The other number pad keys would read in their various directions,
much as with Speakup.
What I've found is that sometimes the keys work as I expected, as
when I read this message, but often they do not. If I try using
the current line key in the original message, it reads "inbox,"
the subject, and two more things that I forget. Using the other
number pad keys does not bring me to the message body. On the
website radio.macinmind.com, where I just tested, flat review
sometimes read what I thought it would and sometimes not, and I
haven't yet figured out when it does which.
I've had this problem for a long time, but I didn't mention it that I remember, so that's on me. It mattered most to me when I wanted to read around where I was without having to move the arrow keys, so that getting out of flat review would bring me right back to where I was. Anyway, since I recall no complaints of this sort during the time I've been on this list, I thought it was time now to ask what I'm getting wrong. Then, maybe I can think better about what people are discussing here.
Thanks for any information or perspectives.
Al
Hi,
There are definitely times when reviewing the screen is necessary. I therefore propose that the user can switch between reviewing the current object, and reviewing the screen. My suggestion is that the user can toggle between these two review modes with the key currently used for entering flat review, as flat review is automatically entered when a review key is pressed.
Regards,
Rynhardt
On Sun, 13 Jun 2021, 15:39 Kyle via orca-list, <orca-list gnome org> wrote:
When I'm trying to review the screen using flat review, most of the time
it is because I need to find a certain spot and simulate a mouse click
or I need to spell a word where my caret is, usually when browsing, but
also when I find a button, an element in a drop-down box or another
similar item that I need to be able to spell.
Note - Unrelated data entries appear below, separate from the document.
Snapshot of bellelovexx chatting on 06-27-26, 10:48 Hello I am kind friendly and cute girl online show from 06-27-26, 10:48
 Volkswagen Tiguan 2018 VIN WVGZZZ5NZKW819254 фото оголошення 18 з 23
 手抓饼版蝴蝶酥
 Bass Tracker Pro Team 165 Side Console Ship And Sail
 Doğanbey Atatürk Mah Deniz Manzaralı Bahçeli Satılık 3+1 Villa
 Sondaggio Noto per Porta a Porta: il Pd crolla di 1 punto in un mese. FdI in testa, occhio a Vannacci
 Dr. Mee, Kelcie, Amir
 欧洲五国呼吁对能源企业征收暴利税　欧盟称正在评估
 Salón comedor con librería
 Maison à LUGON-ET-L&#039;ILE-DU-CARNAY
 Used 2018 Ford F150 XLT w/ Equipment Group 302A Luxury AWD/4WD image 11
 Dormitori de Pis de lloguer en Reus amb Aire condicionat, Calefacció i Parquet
I tend to care more about
what is on the screen in the current window at this point than what is
in the current object. I rather like the idea of "current" keys not
using flat review unless flat review is toggled on either by using flat
review navigation or by explicitly toggling flat review on. But a whole
new layer of complexity that is object navigation must be available only
to users who know what they are doing and explicitly want this behavior.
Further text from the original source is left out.